Guessing Genders

Screen Shot 2013-05-17 at 1.33.33 AM

I wanted to make a reasonable guess of gender for approximately 6,000,000 names. My first thought was to seek out a ready-made API, but the first few prices I found were astronomical, for a one-off personal project.  As such, I decided to hack something together myself.

Step 1: Get Name Frequency Data

I looked at data from both the US Census Bureau and the Social Security Administration. The SSA had better (more recent and more detailed) data, so I went with the SSA's data, available at http://www.ssa.gov/oact/babynames/limits.html.

Step 2: Create a Database

I decided to use SQLite for this one, since it's super-lightweight and doesn't require ongoing infrastructure.

sqlite3 namedb
CREATE TABLE fnames (name TEXT, gender CHAR(1), cnt INT, yob INT);

Step 3: Populate the database

The SSA distributed this as a ZIP file containing 133 CSV files in a pleasantly straightforward format, so dropping them into the SQLite database was dead easy.

#!/usr/bin/env ruby 
require 'sqlite3'

begin
  dbh = SQLite3::Database.open './namedb'
  Dir.glob('names/yob*.txt') do |fh|
    yob = fh.match(/[12][890][0-9][0-9]/).to_s
    File.open(fh).each_with_index do |l,i|
      print '.' if i % 100 == 0
      f_name, gender, cnt = l.chomp.split(',')
      dbh.execute("INSERT INTO fnames (name, gender, cnt, yob) VALUES (?, ?, ?, ?)", [f_name, gender, cnt, yob])
    end
    puts yob
  end
rescue SQLite3::Exception => e
  puts "SQLITE Exception: #{e}"
ensure
  dbh.close if dbh
end

Step 4: Create Indexes

The above created a usable database, but I had a couple million queries to do, so I needed to make sure it was reasonably well indexed. I created a simple index on the relevant columns, and used EXPLAIN to ensure that it was actually being used as expected.

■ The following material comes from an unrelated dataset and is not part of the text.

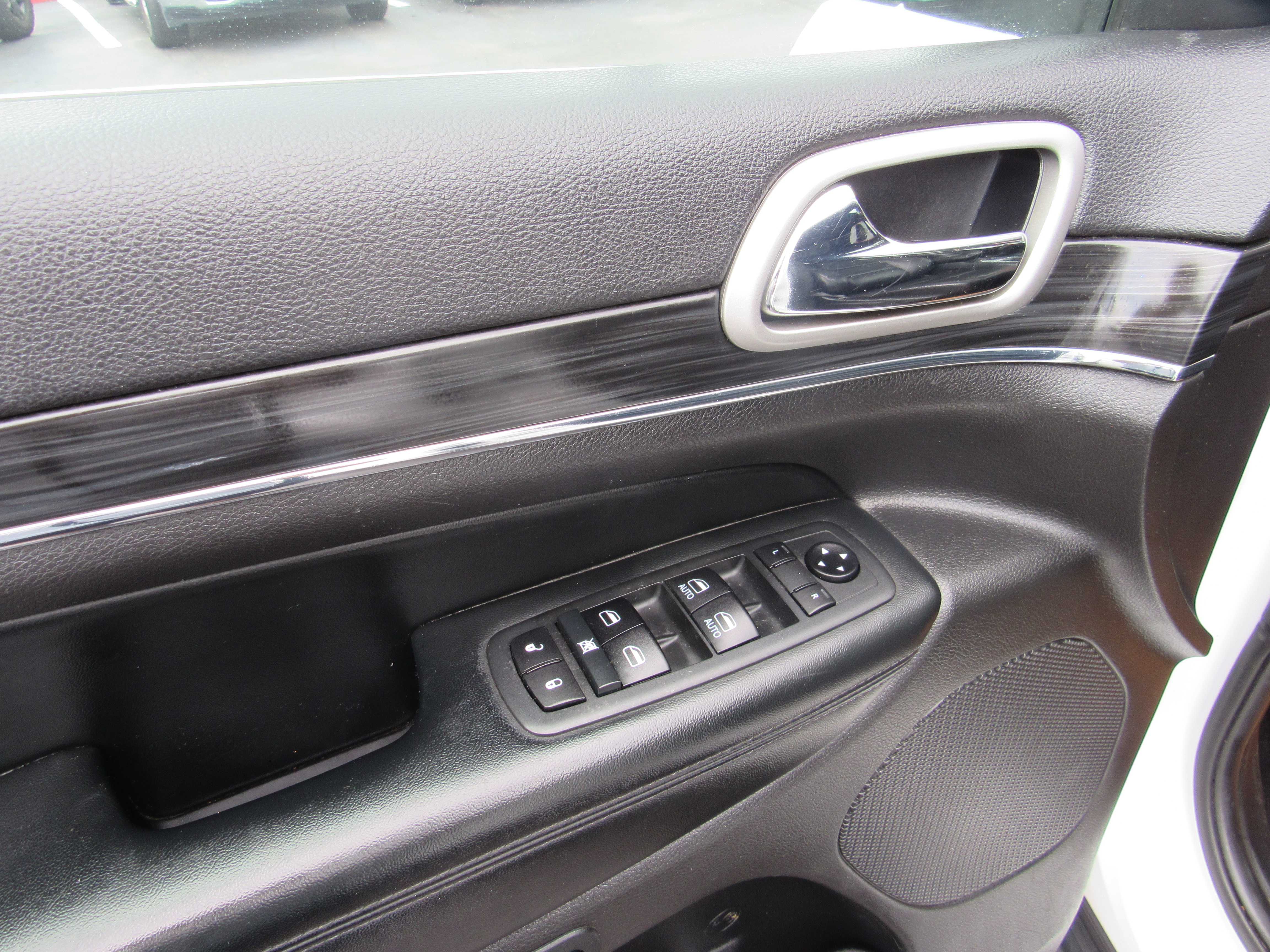 WHITE, 2020 JEEP GRAND CHEROKEE Thumnail Image 10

CREATE INDEX ng_idx ON fnames (name, gender);

Step 5: Calculate a gender probability score

For my actual purpose, there's no benefit to adjusting the names by the probability that each cohort of women and men are still alive, so I'm just doing a straight ratio to calculate a probability that the individual is a woman.

SELECT 
    xx.n * 1.0 / pop.n AS p_woman
FROM 
    ( 
        SELECT 
            SUM(cnt) AS n 
        FROM 
            fnames 
        WHERE 
            gender='F' AND
            name=?  
    ) AS xx, 
    ( 
        SELECT 
            SUM(cnt) AS n 
        FROM 
            fnames 
        WHERE 
            name=?) AS pop;